> **PROBLEM DESCRIPTION**:
Write every line below out again, exactly as given, but leave out the pictures.

> **STORED DATA**:
==========

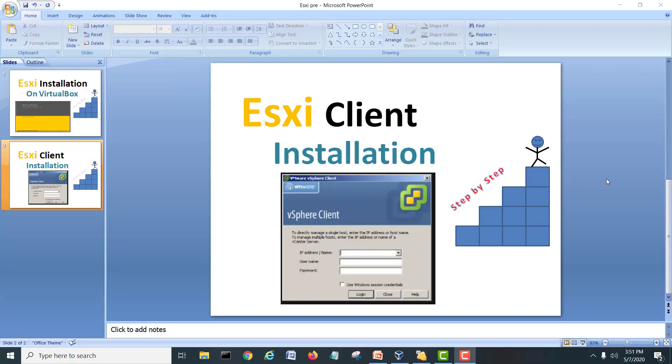Hi guys, my name is Muhammad Shahzad and in this video I would like to show how we can install an ESXi client or vSphere client for your ESXi 6 virtual lab. In our last video we have seen how we install the ESXi server on our VirtualBox.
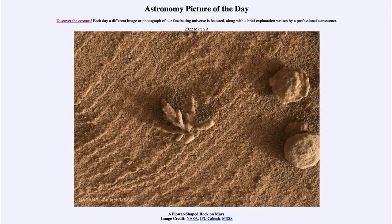Now we know that Mars does not have any living objects like this, and certainly nothing as complex as a flower or any other kind of plant or animal. And while there's still the possibility that some kind of very basic life exists on Mars, we pretty much know that there is no complex life on Mars.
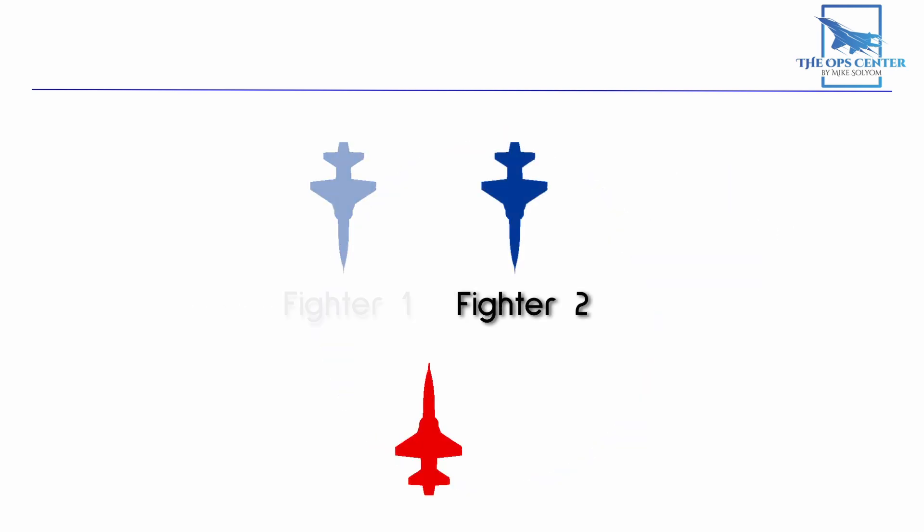In this last scenario, we see both fighters are approaching a high aspect merge with the bandit. Neither fighter is defensive, and they both share the same aspect angle. So who becomes engaged here? The very last part of our hierarchy defaults the engaged role to the flight lead. So here, Fighter 1, as the flight lead, would call engaged. And if the situation changes and ends up looking more like our earlier scenarios, then roles can be switched with the simple radio call.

==========

> **RESULT**:
Hi guys, my name is Muhammad Shahzad and in this video I would like to show how we can install an ESXi client or vSphere client for your ESXi 6 virtual lab. In our last video we have seen how we install the ESXi server on our VirtualBox.
Now we know that Mars does not have any living objects like this, and certainly nothing as complex as a flower or any other kind of plant or animal. And while there's still the possibility that some kind of very basic life exists on Mars, we pretty much know that there is no complex life on Mars.
In this last scenario, we see both fighters are approaching a high aspect merge with the bandit. Neither fighter is defensive, and they both share the same aspect angle. So who becomes engaged here? The very last part of our hierarchy defaults the engaged role to the flight lead. So here, Fighter 1, as the flight lead, would call engaged. And if the situation changes and ends up looking more like our earlier scenarios, then roles can be switched with the simple radio call.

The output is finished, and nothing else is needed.